Top of Information provided

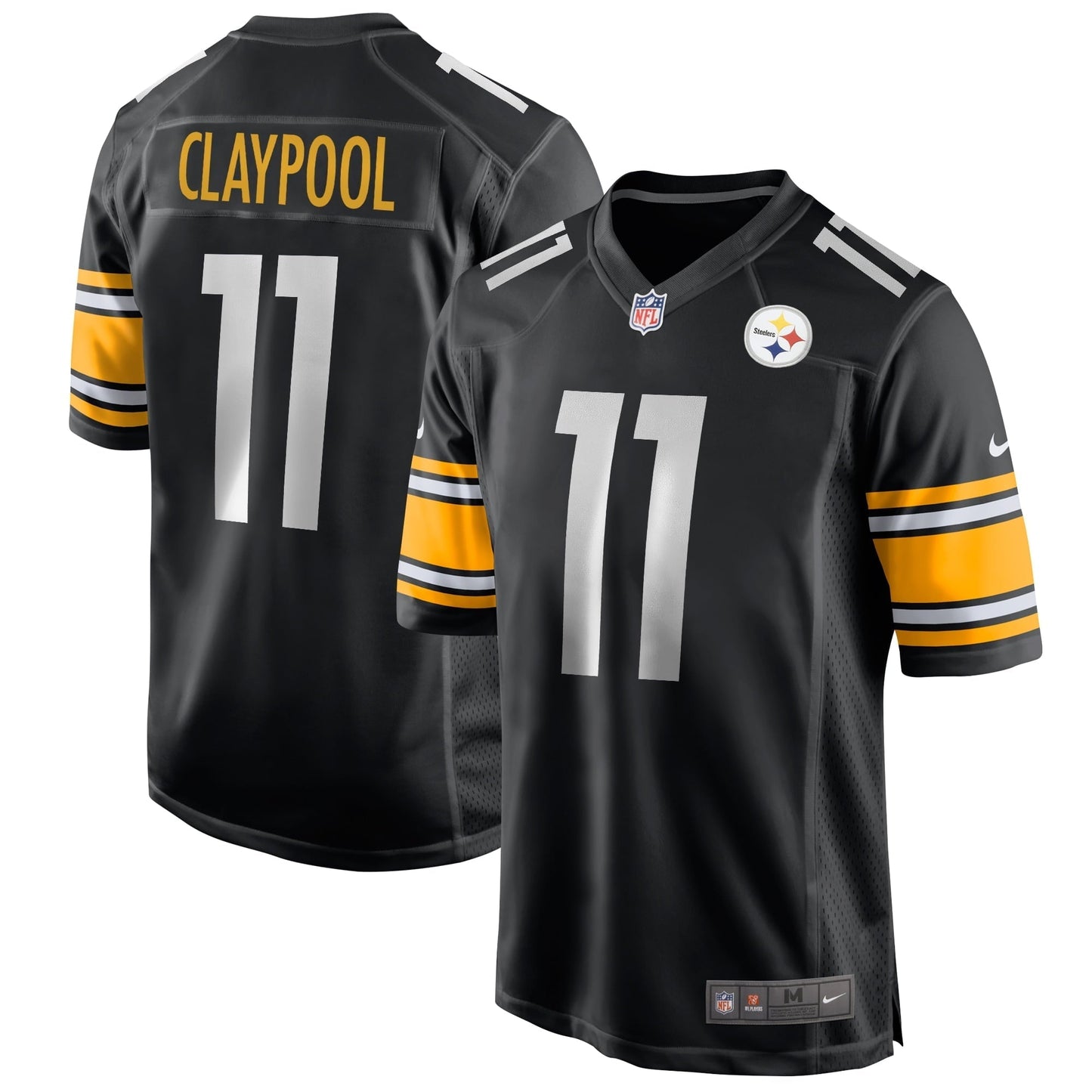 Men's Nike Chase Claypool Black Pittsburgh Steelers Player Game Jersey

Bottom of Information provided
Top of Information provided

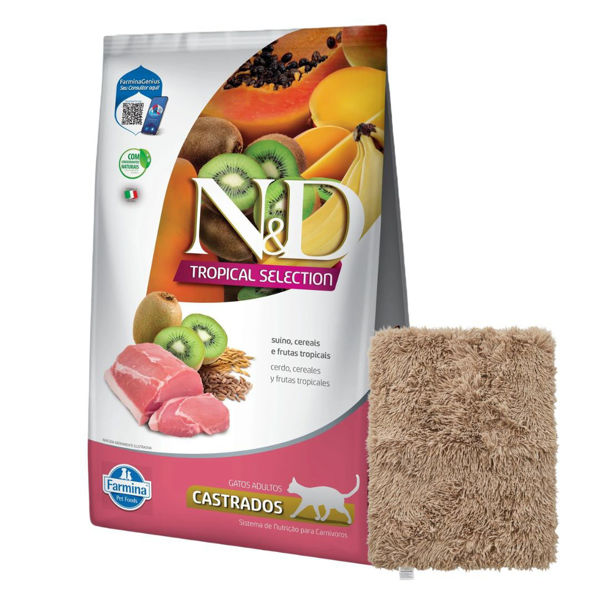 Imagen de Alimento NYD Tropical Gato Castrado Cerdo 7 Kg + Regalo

Bottom of Information provided
Top of Information provided

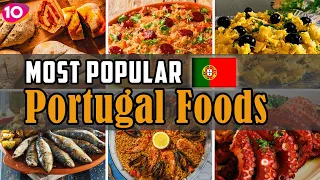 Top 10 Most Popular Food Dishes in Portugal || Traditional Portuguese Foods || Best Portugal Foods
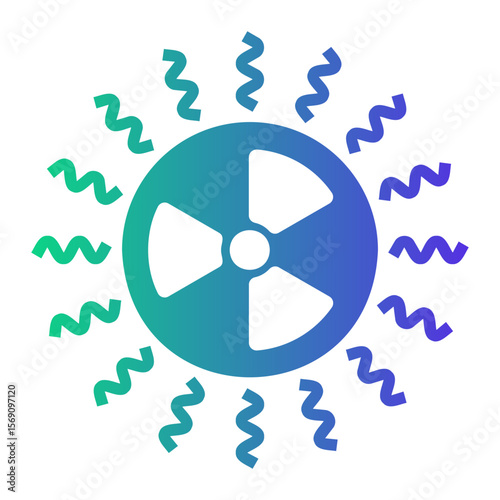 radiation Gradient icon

Bottom of Information provided

> _Problem requirements_
Give again the lines of the listing above that run from the one with "Top 10 Most" up to and including the one with "radiation Gradient icon". Keep them exact and omit the pictures.

> _Response to this task_
 Top 10 Most Popular Food Dishes in Portugal || Traditional Portuguese Foods || Best Portugal Foods
 radiation Gradient icon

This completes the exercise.